Zur Forderung des BDA- Präsidenten Dieter Hundt nach Lohnsenkungen erklärt die Bundestagsabgeordnete Ulla Lötzer, Obfrau der Fraktion Die LINKE im Ausschuß für Wirtschaft und Technologie:
Die Forderung des Arbeitgeberpräsidenten nach Lohnsenkungen sind ebenso unverschämt wie wirtschaftspolitisch falsch: Hundt will die Beschäftigten statt der Vermögenden für die Kosten der Krise bluten lassen.
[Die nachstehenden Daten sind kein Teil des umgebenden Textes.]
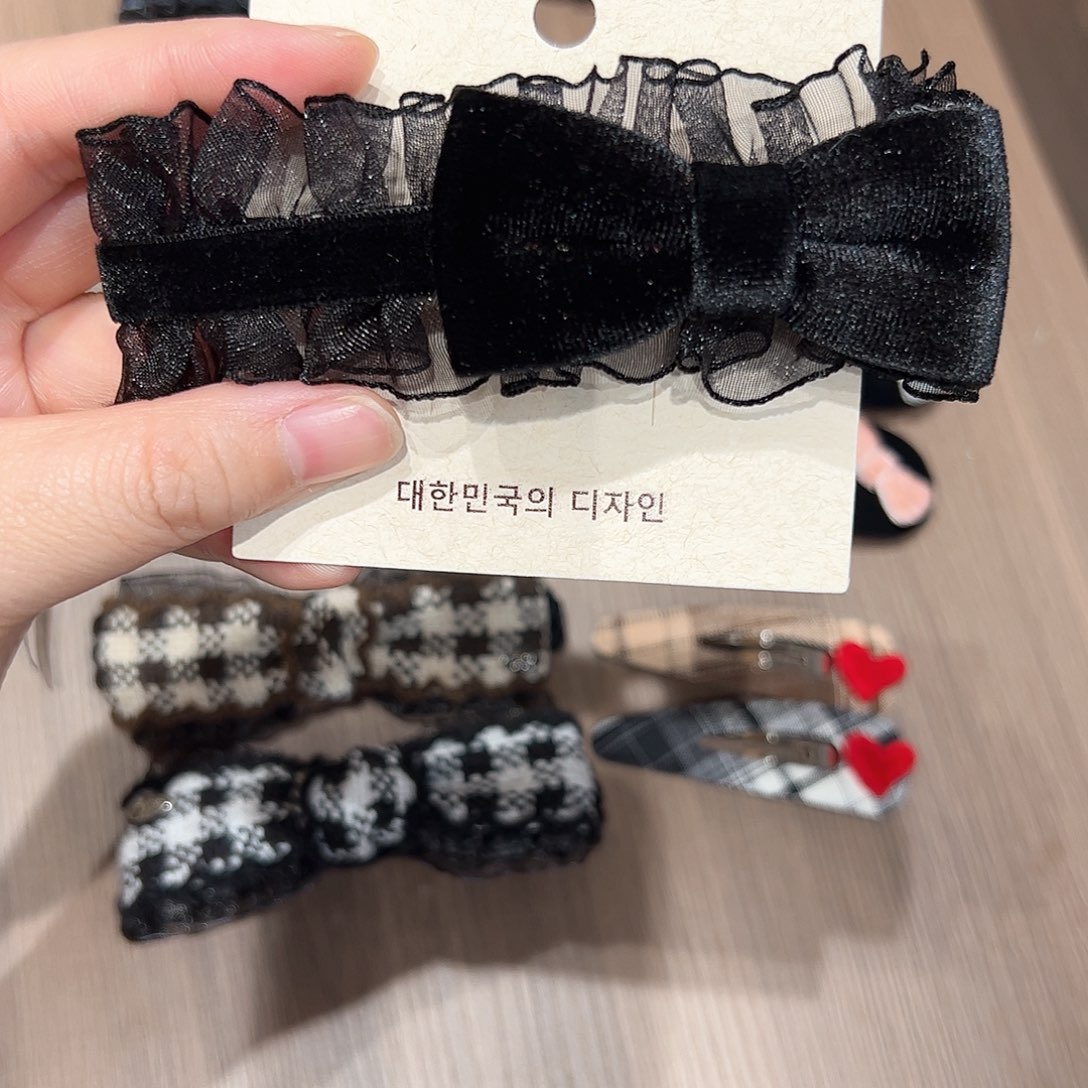 布艺非金属黑色丝绒弹簧夹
Das würde die Krise durch weiter sinkende Binnennachfrage noch weiter verschärfen.
Gerade in Nordrhein- Westfalen, das nach den Ergebnissen einer Studie des Instituts für Arbeit und Qualifikation der Universität Duisburg- Essen (IAQ) bei den skandalösen ‚Unter- Fünf- Euro- Jobs’ bereits weit über dem Bundesdurchschnitt liegt, würden Hundts Vorschläge die massenhafte Armut trotz Arbeit verschärfen und so das Land tiefer in die Krise treiben.
Politisch sind Unverschämtheiten wie der Vorstoß des Arbeitgeberpräsidenten erst durch das langjährige Nichtstun der Bundesregierung in Sachen Niedriglöhne möglich geworden. Obwohl nach den Ergebnissen der zitierten Studie bereits 2007 mehr als jeder fünfte Abhängig Beschäftigte von Niedriglöhnen betroffen war, hat sie sich konkreten Schritten wie der der Einführung eines gesetzlichen Mindestlohnes konsequent verweigert.
Die LINKE fordert einen gesetzlichen Mindestlohn von 10 ¤, um den gesellschaftlichen Skandal massenhafter Armut trotz Arbeit dauerhaft zu überwinden. Durch steigende Nachfrage trägt ein solcher gesetzlicher Mindestlohn, wie er in den westlichen Nachbarländern üblich ist, zur Schaffung neuer Arbeitsplätze bei.